==== Dataset extract
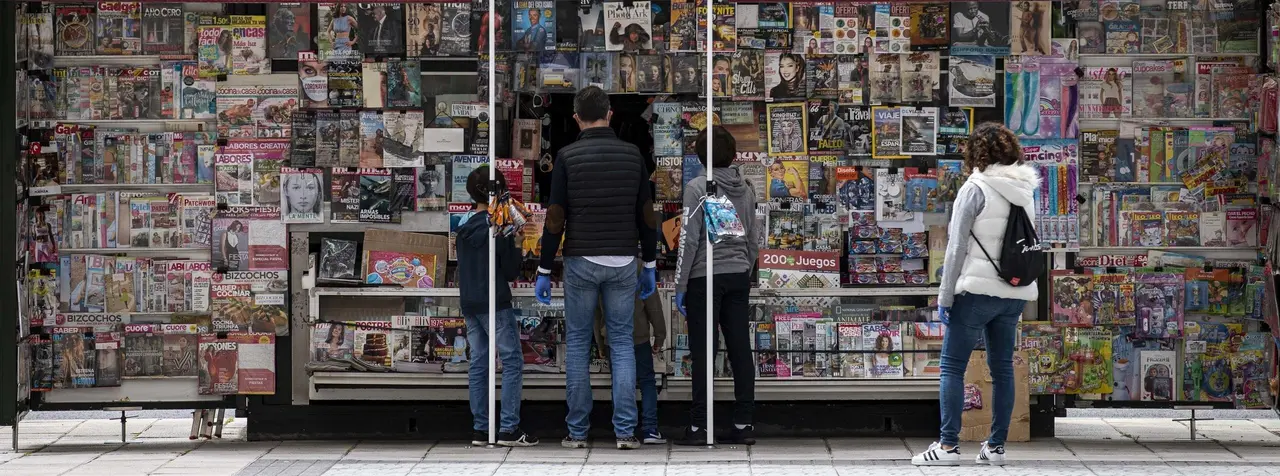 DAVID S. BUSTAMANTE 24/04/2020 SANTANDER/ CANTABRIA Los ni&ntilde;os menores de 14 a&ntilde;os pueden salir a la calle acompa&ntilde;ados de un adulto tras el confinamiento por el Estado de Alarma decretado por el Coronavirus Covid-19. 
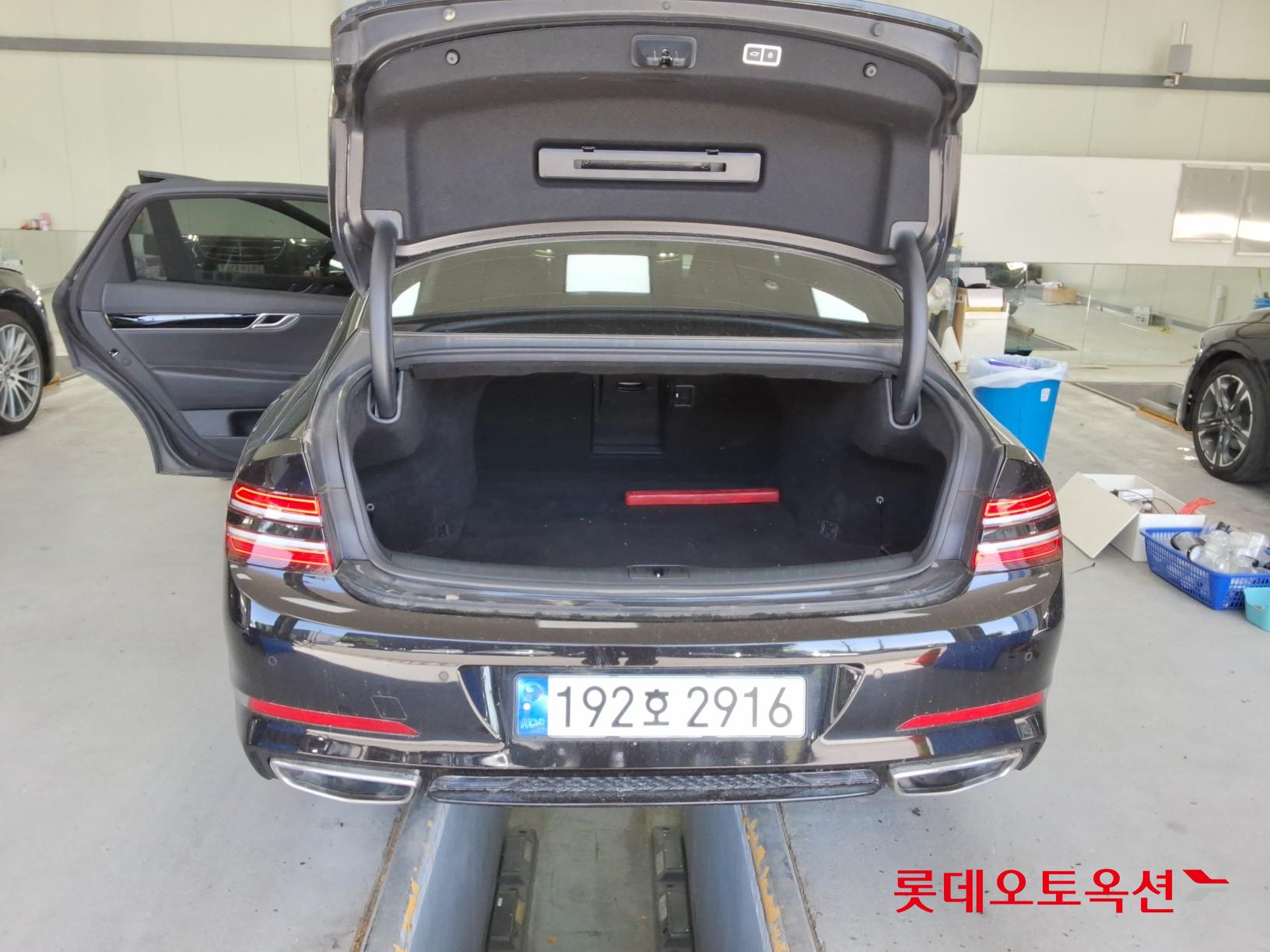 Genesis G80 - 9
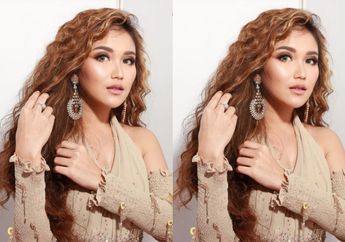 Pancing Reaksi Netizen, Ayu Ting Ting Kembali Pakai Gelang Anti Virus Meski Kalung Anti Virus yang Sebelumnya Ia Gunakan Telah Terbukti Hoax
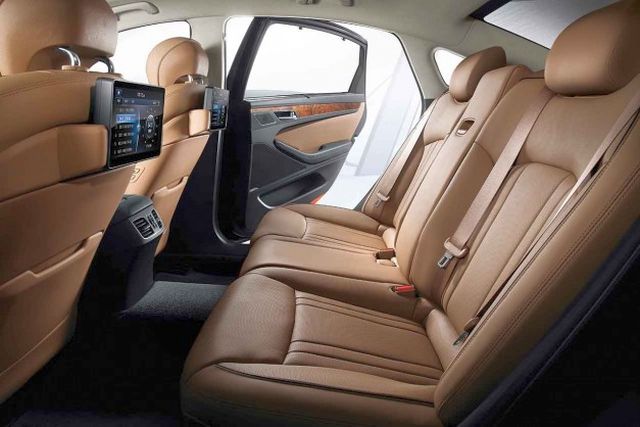 HYUNDAI GENESIS 2015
========
▶ What needs to be done
Retype each line of the listing above word for word. Exclude the pictures.

▶ Written solution
 DAVID S. BUSTAMANTE 24/04/2020 SANTANDER/ CANTABRIA Los ni&ntilde;os menores de 14 a&ntilde;os pueden salir a la calle acompa&ntilde;ados de un adulto tras el confinamiento por el Estado de Alarma decretado por el Coronavirus Covid-19. 
 Genesis G80 - 9
 Pancing Reaksi Netizen, Ayu Ting Ting Kembali Pakai Gelang Anti Virus Meski Kalung Anti Virus yang Sebelumnya Ia Gunakan Telah Terbukti Hoax
 HYUNDAI GENESIS 2015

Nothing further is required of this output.